American deportees are frog-walked into a massive prison complex in El Salvador. Anadolu/Anadolu via Getty Images

Miller’s rant glossed over the obvious fact that without court hearings, the government can round up whomever it wants and deport them without anyone verifying whether those people are, in fact, who the government says they are.

They could be refugees, legal immigrants, asylum seekers, or even U.S. citizens, and instead of being deported, they could be disappeared to internal black sites, as historians and legal scholars have pointed out.

As a result, even conservative Supreme Court justices—including Antonin Scalia—have held that the Constitution’s Fifth Amendment right to due process applies to deportation hearings, though the definition of due process can vary depending on the circumstances.

Asylum seekers, however, must always be granted hearings, according to PBS. Immigration and Customs Enforcement officers are also bound by the Constitution’s Fourth Amendment prohibition against unreasonable searches and seizures, according to the ACLU.

The past two weeks have revealed the practical dangers of deporting planes full of people before a judge has had a chance to confirm their identities.

Salvadoran police officers escort alleged members of the Venezuelan gang Tren de Aragua recently deported by the U.S. government to be imprisoned in the Terrorism Confinement Center (CECOT) prison, as part of an agreement with the Salvadoran government, at the El Salvador International Airport in San Luis Talpa, El Salvador, in this handout image obtained March 16, 2025. Secretaria de Prensa de la Presidencia/Handout via REUTERS ATTENTION EDITORS - THIS IMAGE HAS BEEN SUPPLIED BY A THIRD PARTY. NO RESALES. NO ARCHIVES     TPX IMAGES OF THE DAY
A judge has temporarily halted deportations to the CECOT mega-prison in El Salvador.
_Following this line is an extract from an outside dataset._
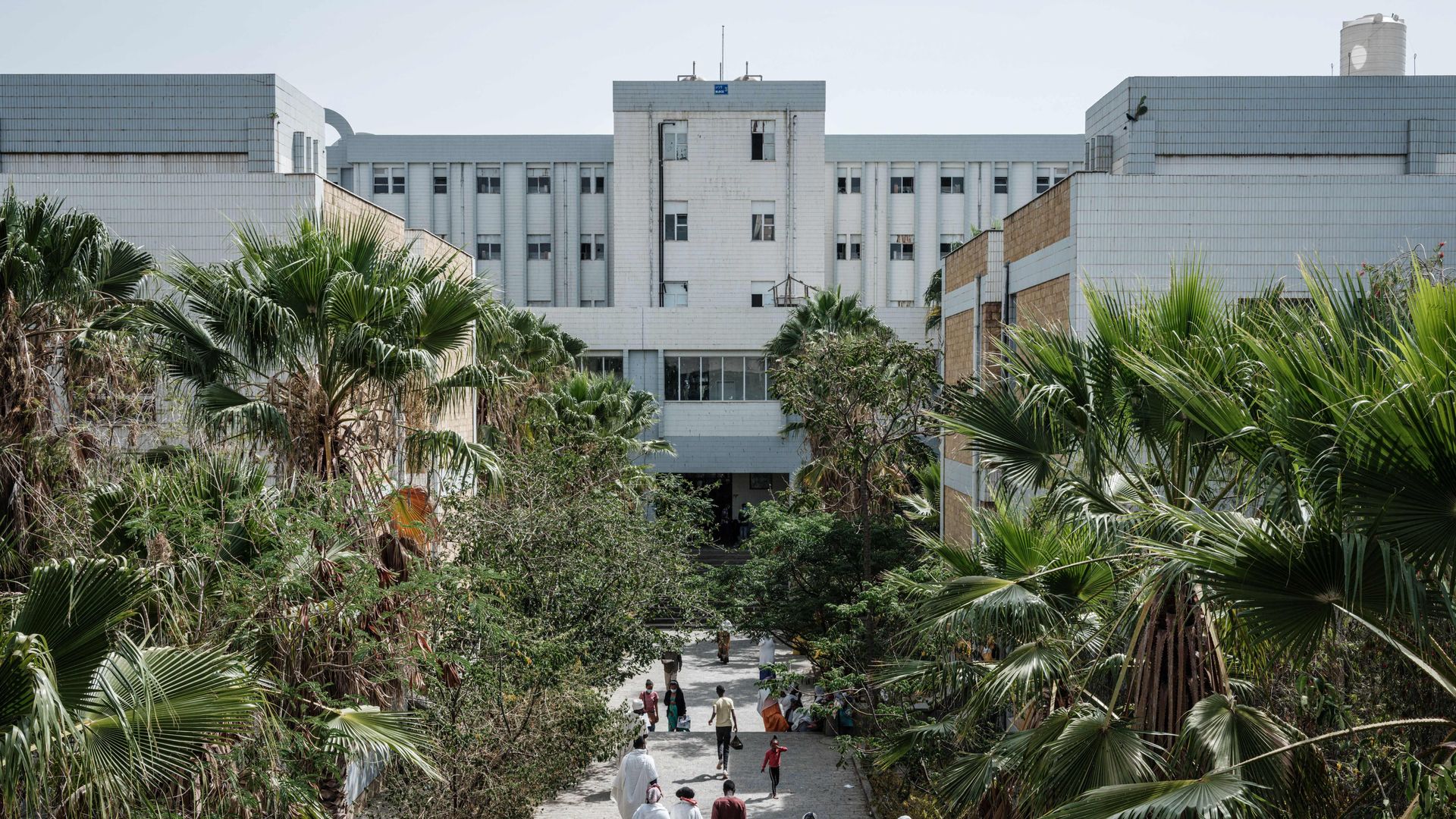 People walk towards the Ayder referral hospital in Mekele, on June 24, 2021, two days after a deadly airstrike on a market in Ethiopia.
Secretaria de Prensa de la Presi/via REUTERS

On March 15, President Trump invoked the Alien Enemies Act, which gives the president sweeping war-time deportation powers, and claimed the U.S. had been “invaded” by the Venezuelan gang Tren de Aragua. He ordered a group of 250 Venezuelan and Salvadoran “gang members” be deported to the notorious mega-prison CECOT in El Salvador.

A judge issued an order blocking the deportations, but three planes left anyway.
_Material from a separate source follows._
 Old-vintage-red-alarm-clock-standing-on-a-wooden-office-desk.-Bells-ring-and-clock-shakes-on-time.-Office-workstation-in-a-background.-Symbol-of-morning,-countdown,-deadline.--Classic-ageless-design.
Since then, press reports and legal filings have revealed that the alleged gang members actually included at least one man who had been granted legal refugee status, plus a pro soccer player, a gay makeup artist, a 26-year-old barber, and a 24-year-old father—all with no criminal records in the U.S. and all formally seeking asylum.

Even the conservative-leaning podcaster Joe Rogan called the deportations “horrific.”
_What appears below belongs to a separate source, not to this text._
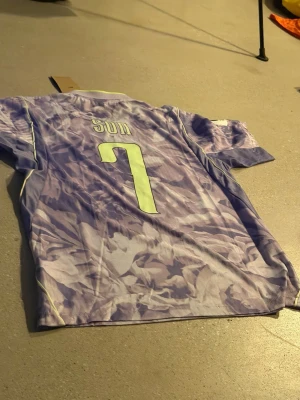 Lila Korea fotbollströja Nike Son 7 - Säljer en lila fotbollströja från Nike med namn Son och nummer 7. Tröjan har ett mönstrat kamouflage i olika lila nyanser, gula detaljer och Korea-märke på bröstet. Perfekt för dig som gillar fotboll och vill sticka ut på planen.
“You got to get scared that people who are not criminals are getting lassoed up and deported and sent to El Salvador prisons,” he said.

This week, the government also admitted it had mistakenly deported a Maryland father to CECOT who had been granted legal protected status, but officials have refused to bring the man home.

Kilmar Abrego Garcia fled El Salvador when he was a teenager because gang members were extorting his mother’s pupusa business. When she couldn’t pay, they threatened to kill both Abrego Garcia and his older brother if they didn’t join the gang, according to an order granting him a form of protection called a “withholding of removal.”

Kristi Noem.
Homeland Security Secretary Kristi Noem filmed a video at CECOT warning migrants not to come to the U.S. or else they'd end up there. ALEX BRANDON/POOL/AFP via Getty Images

The order says he can’t be deported to his home country because he’s more likely than not to face persecution there.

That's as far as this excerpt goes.